■ **TASK DESCRIPTION**
Report each line of the listing that carries the word "Bacterial".

(THE RECORDS)

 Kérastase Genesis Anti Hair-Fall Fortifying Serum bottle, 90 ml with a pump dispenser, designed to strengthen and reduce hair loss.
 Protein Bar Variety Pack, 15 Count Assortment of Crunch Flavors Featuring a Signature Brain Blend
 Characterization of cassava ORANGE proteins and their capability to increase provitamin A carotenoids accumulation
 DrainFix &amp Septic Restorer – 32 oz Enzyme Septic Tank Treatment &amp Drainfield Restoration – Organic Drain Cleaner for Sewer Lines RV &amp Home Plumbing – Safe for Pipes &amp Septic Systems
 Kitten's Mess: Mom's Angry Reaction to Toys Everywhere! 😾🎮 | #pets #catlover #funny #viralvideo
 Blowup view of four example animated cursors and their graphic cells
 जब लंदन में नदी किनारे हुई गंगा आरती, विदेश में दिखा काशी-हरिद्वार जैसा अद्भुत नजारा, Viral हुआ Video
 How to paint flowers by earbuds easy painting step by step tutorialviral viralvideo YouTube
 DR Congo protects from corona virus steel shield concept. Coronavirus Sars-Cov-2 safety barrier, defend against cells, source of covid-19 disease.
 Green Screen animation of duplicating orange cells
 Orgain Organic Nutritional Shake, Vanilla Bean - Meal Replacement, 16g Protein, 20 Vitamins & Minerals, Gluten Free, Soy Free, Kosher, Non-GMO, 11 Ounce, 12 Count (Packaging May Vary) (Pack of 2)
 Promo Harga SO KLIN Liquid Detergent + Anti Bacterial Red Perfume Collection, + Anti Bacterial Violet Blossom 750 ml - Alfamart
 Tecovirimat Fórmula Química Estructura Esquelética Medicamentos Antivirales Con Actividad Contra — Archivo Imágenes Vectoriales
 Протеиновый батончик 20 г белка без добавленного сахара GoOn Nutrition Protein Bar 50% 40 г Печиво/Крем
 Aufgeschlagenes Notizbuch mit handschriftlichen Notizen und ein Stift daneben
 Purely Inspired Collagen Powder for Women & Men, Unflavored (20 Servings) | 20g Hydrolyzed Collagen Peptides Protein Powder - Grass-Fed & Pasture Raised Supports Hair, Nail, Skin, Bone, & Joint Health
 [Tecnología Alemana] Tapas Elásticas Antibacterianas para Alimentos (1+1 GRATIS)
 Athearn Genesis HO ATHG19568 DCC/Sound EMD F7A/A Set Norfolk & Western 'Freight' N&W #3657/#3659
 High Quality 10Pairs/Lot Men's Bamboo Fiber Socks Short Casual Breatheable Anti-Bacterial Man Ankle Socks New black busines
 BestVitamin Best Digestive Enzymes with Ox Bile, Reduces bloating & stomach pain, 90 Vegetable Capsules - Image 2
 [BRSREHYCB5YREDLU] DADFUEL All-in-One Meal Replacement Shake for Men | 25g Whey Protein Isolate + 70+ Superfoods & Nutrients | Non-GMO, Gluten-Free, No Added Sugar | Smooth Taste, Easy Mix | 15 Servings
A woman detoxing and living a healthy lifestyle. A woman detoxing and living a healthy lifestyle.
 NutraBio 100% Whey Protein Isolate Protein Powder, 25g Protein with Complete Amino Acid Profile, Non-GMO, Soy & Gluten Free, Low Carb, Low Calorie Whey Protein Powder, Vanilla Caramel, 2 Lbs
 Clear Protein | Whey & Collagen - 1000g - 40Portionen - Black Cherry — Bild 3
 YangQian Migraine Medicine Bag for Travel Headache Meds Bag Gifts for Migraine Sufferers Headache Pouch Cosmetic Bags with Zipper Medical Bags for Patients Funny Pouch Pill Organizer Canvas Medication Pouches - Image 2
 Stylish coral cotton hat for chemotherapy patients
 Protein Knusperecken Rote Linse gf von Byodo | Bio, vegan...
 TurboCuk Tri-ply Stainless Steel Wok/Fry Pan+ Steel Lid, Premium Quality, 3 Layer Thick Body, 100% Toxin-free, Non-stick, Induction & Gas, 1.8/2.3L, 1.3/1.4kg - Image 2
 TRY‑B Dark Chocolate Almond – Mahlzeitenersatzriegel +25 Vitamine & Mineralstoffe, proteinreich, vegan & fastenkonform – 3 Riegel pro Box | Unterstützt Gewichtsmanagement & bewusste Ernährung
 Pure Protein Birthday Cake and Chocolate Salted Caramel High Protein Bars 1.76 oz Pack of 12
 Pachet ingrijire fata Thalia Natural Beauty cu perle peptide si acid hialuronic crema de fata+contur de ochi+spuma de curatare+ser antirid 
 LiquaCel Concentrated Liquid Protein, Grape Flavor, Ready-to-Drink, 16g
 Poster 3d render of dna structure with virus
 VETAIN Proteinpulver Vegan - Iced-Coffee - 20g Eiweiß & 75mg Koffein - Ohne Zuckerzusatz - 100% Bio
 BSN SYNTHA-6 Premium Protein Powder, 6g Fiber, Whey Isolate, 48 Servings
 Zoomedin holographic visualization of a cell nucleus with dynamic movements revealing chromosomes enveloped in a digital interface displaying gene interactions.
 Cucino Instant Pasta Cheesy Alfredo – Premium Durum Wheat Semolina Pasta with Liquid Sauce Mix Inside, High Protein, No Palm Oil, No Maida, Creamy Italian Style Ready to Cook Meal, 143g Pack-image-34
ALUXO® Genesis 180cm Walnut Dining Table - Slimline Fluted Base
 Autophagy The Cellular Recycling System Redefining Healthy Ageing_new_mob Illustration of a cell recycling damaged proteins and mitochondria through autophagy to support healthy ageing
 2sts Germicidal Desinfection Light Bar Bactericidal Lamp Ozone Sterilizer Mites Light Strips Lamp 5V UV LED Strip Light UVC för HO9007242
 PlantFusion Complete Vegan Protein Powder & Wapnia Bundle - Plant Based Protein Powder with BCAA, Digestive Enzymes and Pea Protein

(End THE RECORDS)

■ **ANSWER TO THE PROBLEM**
 Promo Harga SO KLIN Liquid Detergent + Anti Bacterial Red Perfume Collection, + Anti Bacterial Violet Blossom 750 ml - Alfamart
 High Quality 10Pairs/Lot Men's Bamboo Fiber Socks Short Casual Breatheable Anti-Bacterial Man Ankle Socks New black busines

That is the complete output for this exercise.